Apache Spark is a top-level project of the Apache Software Foundation, designed to be used with a range of programming languages on a variety of architectures. Spark’s speed, simplicity, and broad support for existing development environments and storage systems make it increasingly popular with a wide range of developers and relatively accessible to those learning to work with it for the first time.
In this blog post, I’m going to go out on a limb and make a connection between Spark and Legos. Legos are a product of The LEGO Group, designed to be used by a range of consumers in a variety of sets. Legos’ fun, simplicity, and broad support for existing construction toys and building systems make it increasingly popular with a wide range of artists and designers and relatively accessible to those learning to work with it for the first time. See the similarities? (Learn more about using Spark in the ebook Getting Started with Apache Spark: From Inception to Production.)
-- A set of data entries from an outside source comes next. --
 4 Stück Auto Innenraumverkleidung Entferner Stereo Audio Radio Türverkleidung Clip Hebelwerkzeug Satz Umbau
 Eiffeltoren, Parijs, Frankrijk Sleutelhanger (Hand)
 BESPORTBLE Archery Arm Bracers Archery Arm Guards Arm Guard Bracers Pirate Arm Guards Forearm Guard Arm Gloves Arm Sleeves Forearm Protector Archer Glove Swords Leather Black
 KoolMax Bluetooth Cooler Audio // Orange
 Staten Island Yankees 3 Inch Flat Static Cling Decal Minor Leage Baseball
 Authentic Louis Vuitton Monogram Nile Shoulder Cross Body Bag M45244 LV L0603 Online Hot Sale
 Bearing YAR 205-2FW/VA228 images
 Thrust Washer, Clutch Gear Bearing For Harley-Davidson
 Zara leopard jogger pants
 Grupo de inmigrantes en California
Lego Batman vs. Lego Indiana Jones: Using Different Programming Languages
Let’s take it a step further. Spark’s capabilities can all be accessed and controlled using a rich API. Just as Lego has incorporated franchises such as Harry Potter, the Avengers, Indiana Jones, and Batman, Spark supports multiple existing programming languages, including Java, Python, Scala, SQL, and R. And just as each Lego set includes an instruction manual, there are extensive examples and tutorials for Spark. For tutorials using bits of code from Java, Python, and Scala, check out the Apache Spark project website. The Apache Spark module, Spark SQL, offers native support for SQL and simplifies the process of querying data stored in Spark’s own Resilient Distributed Dataset (RDD) model. Support for R is more recent; the SparkR package first appeared in June 2015 in release 1.4 of Apache Spark.
Spark gained a new DataFrames API in 2015. DataFrames offers:
- Ability to scale from kilobytes of data on a single laptop to petabytes on a large cluster
- Support for a wide array of data formats and storage systems
- State-of-the-art optimization and code generation through the Spark SQL Catalyst optimizer
- Seamless integration with all big data tooling and infrastructure via Spark
- APIs for Python, Java, Scala, and R
Deployment and Storage Options, or Do Your Legos Need a Second Basement?
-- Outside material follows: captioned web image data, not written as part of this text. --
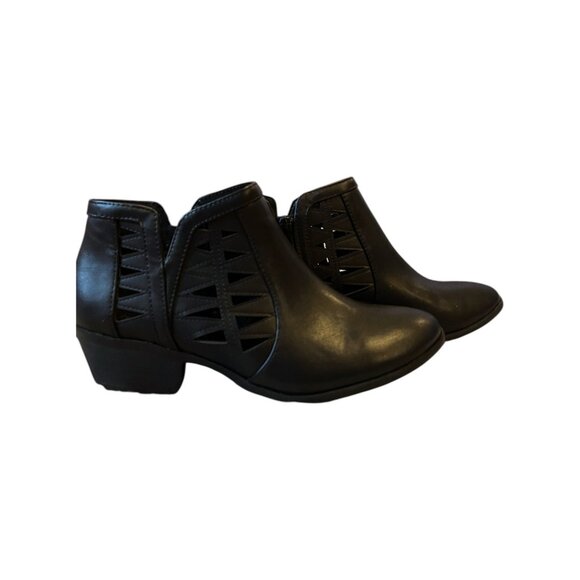 Women's Soda Booties Black 9 - Picture 1 of 5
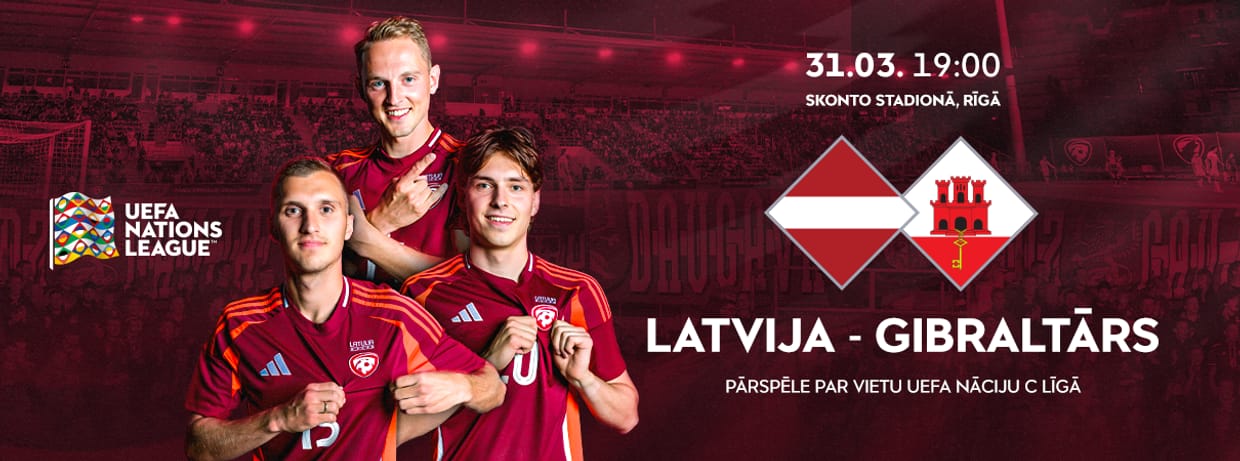 LATVIJA - GIBRALTĀRS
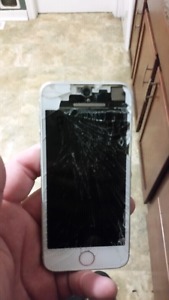 Broken screen IPhone 5 on Bell network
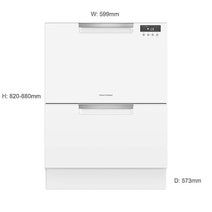 Fisher & Paykel DD60DAW9 Double DishDrawer Dishwasher hero image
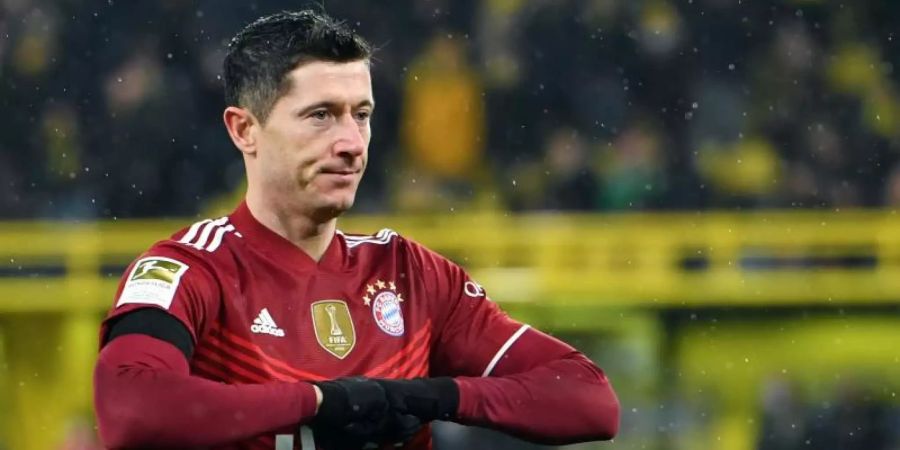 Bayerns Robert Lewandowski traf im Top-Spiel gegen Dortmund doppelt. Foto: Bernd Thissen/dpa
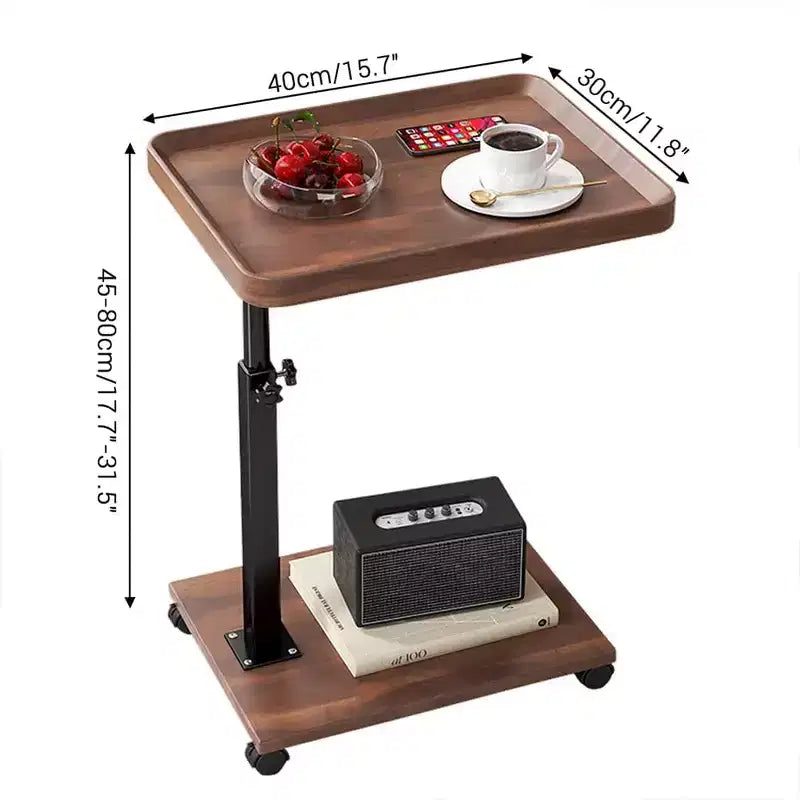 Uniquely designed sofa side table, practical and elegant, perfect for small spaces, living rooms, and home decor.
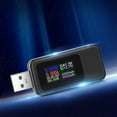 thumbnail image 1 of Medidor de potencia USB 4-24 V 5 A LCD Pantalla de voltaje USB A y C Probador USB Multímetro Prueba de velocidad de cables de cargador Capacidad de banco de energía, Probador USB QC 2.0 3.0, 1 of 9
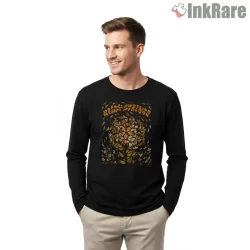 Billy Strings Psychedelic Wildflower Bloom Shirt on black long sleeve shirt for men graphic tee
You can set up a small Lego playset on the side of your desk. But if you feel the need to own the life-sized pirate ship, giant magic castle, and $350 deluxe edition superhero set, you’re going to need more room. Similarly, Spark can run both standalone or as part of a cluster. It’s easy to download and install Spark on a laptop or virtual machine, but that is not likely to be sufficient for production workloads that are operating at scale. In these circumstances, Spark will normally run on an existing big data cluster. These clusters are often used for Hadoop jobs, too, and will usually be managed by Hadoop’s YARN resource manager; see Running Spark on YARN for more details. Spark can also run just as easily on Amazon Web Services’ Elastic Compute Cloud (EC2) or on clusters controlled by Apache Mesos.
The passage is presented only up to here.